**What you have to do**
Leave the pictures out and print, word for word, the lines below from the one with "Sandalwood Beach Resort主图" through the final line.

★ ★ ★ ★ ★

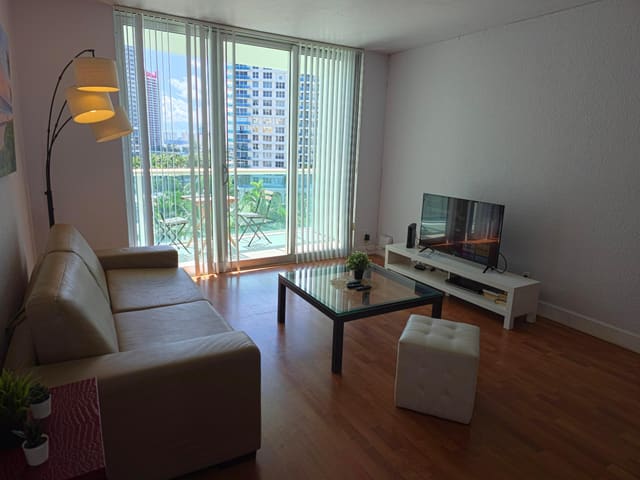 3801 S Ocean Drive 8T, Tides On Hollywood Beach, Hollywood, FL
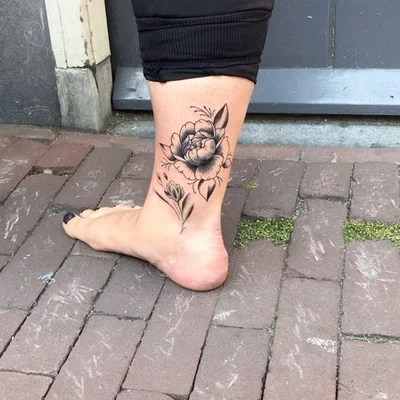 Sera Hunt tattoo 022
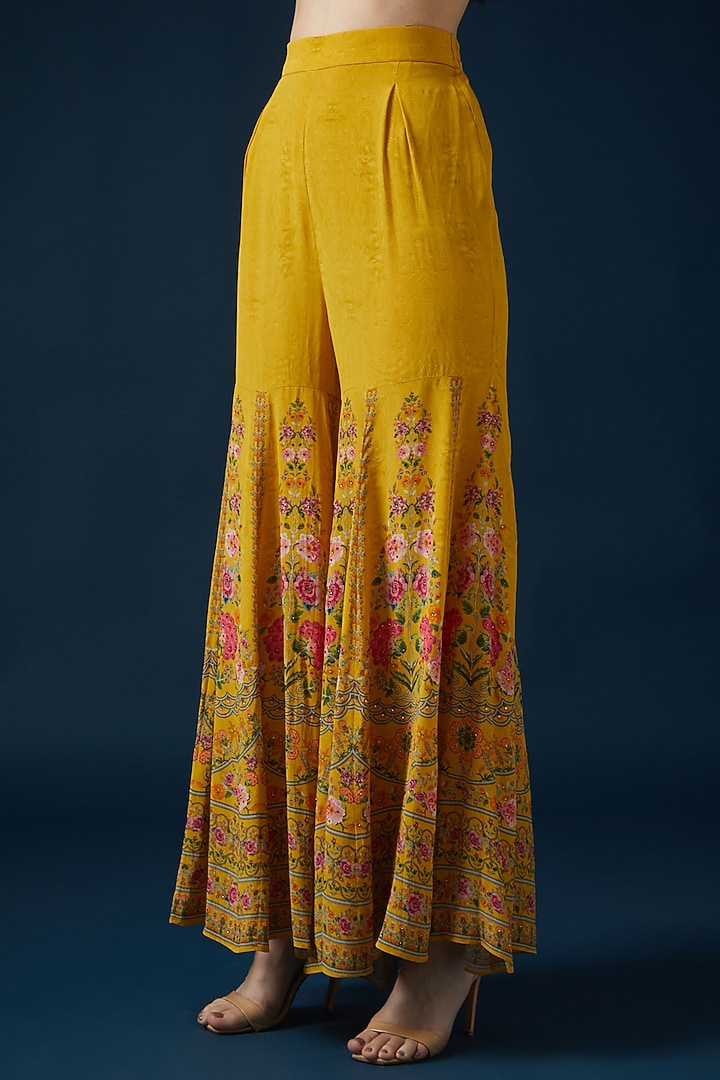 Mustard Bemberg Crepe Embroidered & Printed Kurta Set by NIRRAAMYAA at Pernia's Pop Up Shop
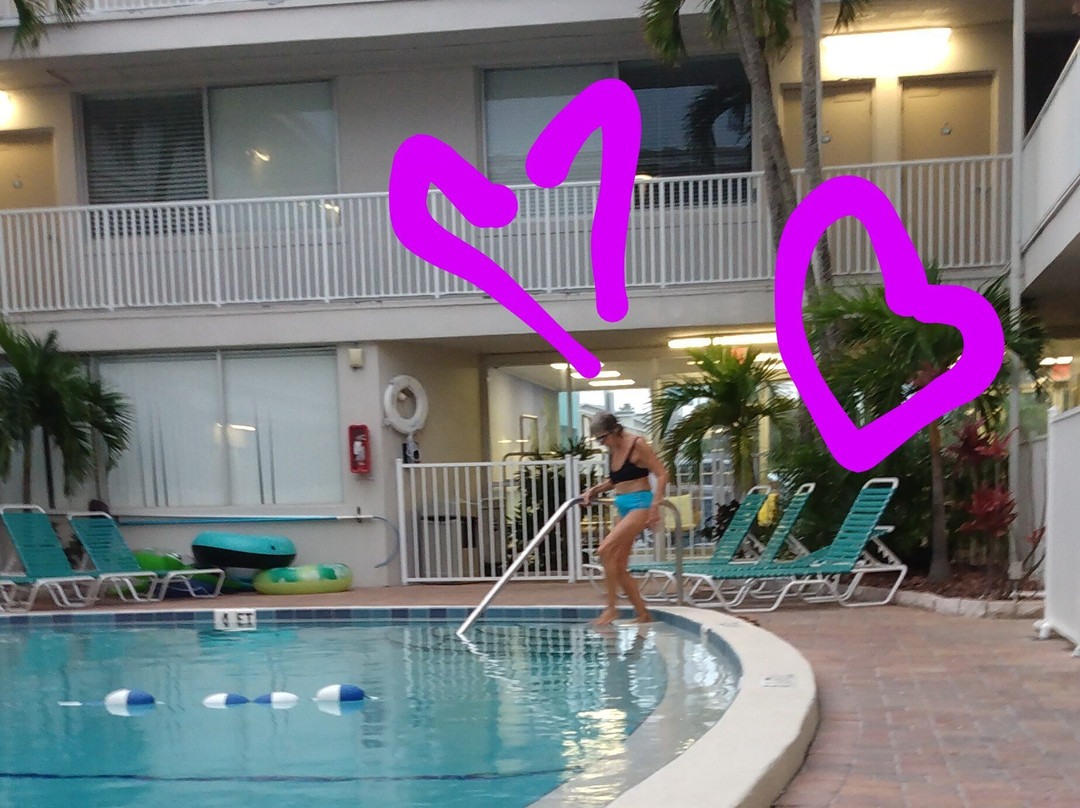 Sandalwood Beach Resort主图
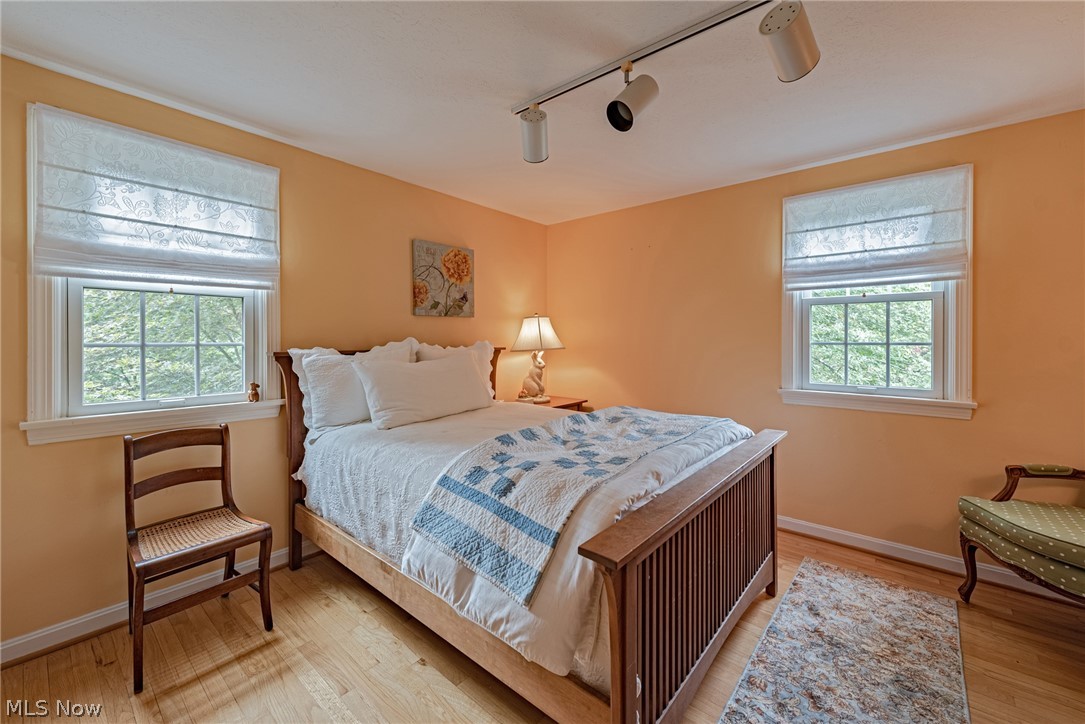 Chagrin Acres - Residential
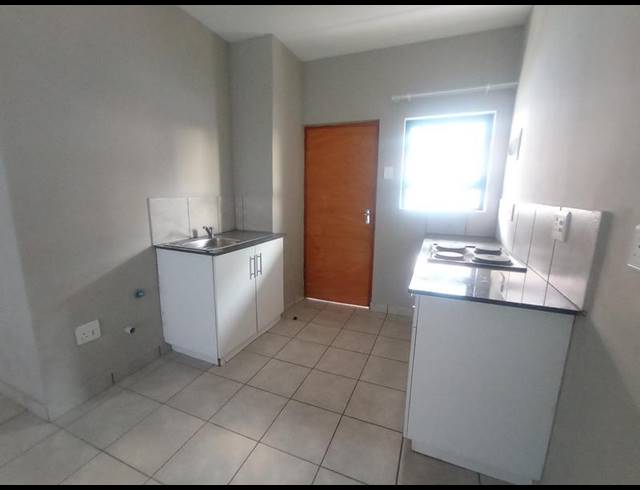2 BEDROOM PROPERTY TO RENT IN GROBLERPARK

★ ★ ★ ★ ★

**Solution below**
 Sandalwood Beach Resort主图
 Chagrin Acres - Residential
2 BEDROOM PROPERTY TO RENT IN GROBLERPARK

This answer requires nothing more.